■ WHAT IS NEEDED ■
Your task is to retype every entry exactly while omitting the pictures.

■ INFORMATION ■
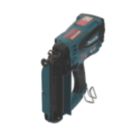 63mm 7.4V 1 x 2.1Ah Li-Ion   Second Fix Cordless Nail Gun 4 Week Hire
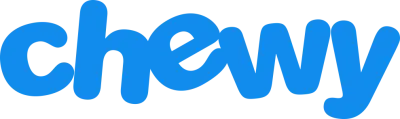 Chewy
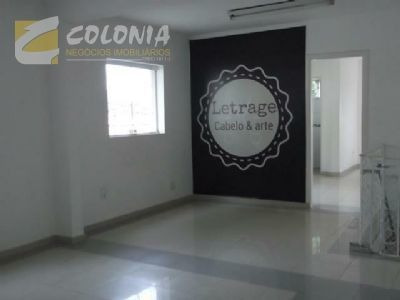 Imagem 8 de 18 de Comercial - Ref: 13241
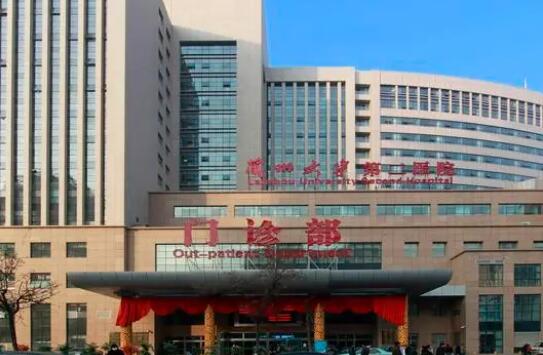 蘭州大學(xué)第二醫(yī)院整形外科可以做吸脂減肥手術(shù)嗎？近期真人案例反饋/全新價(jià)格表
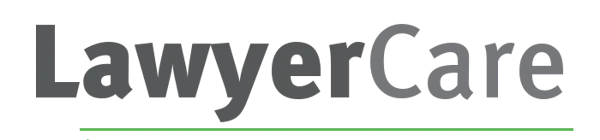 LawyerCare Logo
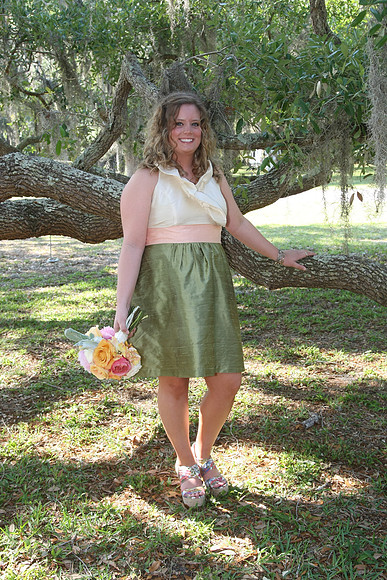 PRW_0465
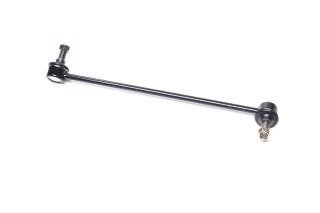 Стійка стабілізатора HYUNDAI SANTAFE передн. лів. (вир-во SPEEDMATE, Korea)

■ RESULT ■
 63mm 7.4V 1 x 2.1Ah Li-Ion   Second Fix Cordless Nail Gun 4 Week Hire
 Chewy
 Imagem 8 de 18 de Comercial - Ref: 13241
 蘭州大學(xué)第二醫(yī)院整形外科可以做吸脂減肥手術(shù)嗎？近期真人案例反饋/全新價(jià)格表
 LawyerCare Logo
 PRW_0465
 Стійка стабілізатора HYUNDAI SANTAFE передн. лів. (вир-во SPEEDMATE, Korea)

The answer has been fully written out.